For the sake of our analysis, we must define jet motion. Our working definition will be met when a receiver is in motion at the snap of the ball, has traveled over 10 yards before the snap, and has an average speed of 1 yard per second.
# Beginning of A4
workingDF <- workingDF %>%
group_by(playId) %>%
mutate(hasMotion = inMotionAtBallSnap | motionSinceLineset | shiftSinceLineset) %>%
ungroup()
workingDF <- left_join(workingDF, motionStats, by=c("gameId", "playId"), relationship = "many-to-many")

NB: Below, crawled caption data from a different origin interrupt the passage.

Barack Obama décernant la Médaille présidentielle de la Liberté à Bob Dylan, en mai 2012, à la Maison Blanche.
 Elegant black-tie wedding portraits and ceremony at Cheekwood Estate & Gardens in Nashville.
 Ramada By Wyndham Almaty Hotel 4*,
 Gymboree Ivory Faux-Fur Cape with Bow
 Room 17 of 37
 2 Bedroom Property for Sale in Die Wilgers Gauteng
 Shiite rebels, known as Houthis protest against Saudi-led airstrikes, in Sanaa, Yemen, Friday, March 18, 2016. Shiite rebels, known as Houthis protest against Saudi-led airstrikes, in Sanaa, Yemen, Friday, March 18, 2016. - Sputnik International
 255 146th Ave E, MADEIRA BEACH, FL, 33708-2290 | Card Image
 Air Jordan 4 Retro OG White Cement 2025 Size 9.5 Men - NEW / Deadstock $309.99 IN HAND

workingDF <- workingDF %>%
mutate(jetMotion = inMotionAtBallSnap & sum_abs_dy > 10 & speed_yrds_second > 1)
jetMotionDF <- workingDF %>%
filter(jetMotion == TRUE)
motionDF <- workingDF %>%
filter(hasMotion == TRUE & jetMotion == FALSE)
noMotionDF <- workingDF %>%
filter(hasMotion == FALSE)
#colnames(workingDF)
# General Motion
jetMotionVsMotion <- t.test(jetMotionDF$expectedPointsAdded, motionDF$expectedPointsAdded, alternative = "greater")
print(jetMotionVsMotion)
##
## Welch Two Sample t-test
##
## data: jetMotionDF$expectedPointsAdded and motionDF$expectedPointsAdded
## t = 19.861, df = 36101, p-value < 2.2e-16
## alternative hypothesis: true difference in means is greater than 0
## 95 percent confidence interval:
## 0.1171671 Inf
## sample estimates:
## mean of x mean of y
## 0.22156674 0.09381934
meanJetMotionEPA <- mean(jetMotionDF$expectedPointsAdded)
meanMotionEPA <- mean(motionDF$expectedPointsAdded)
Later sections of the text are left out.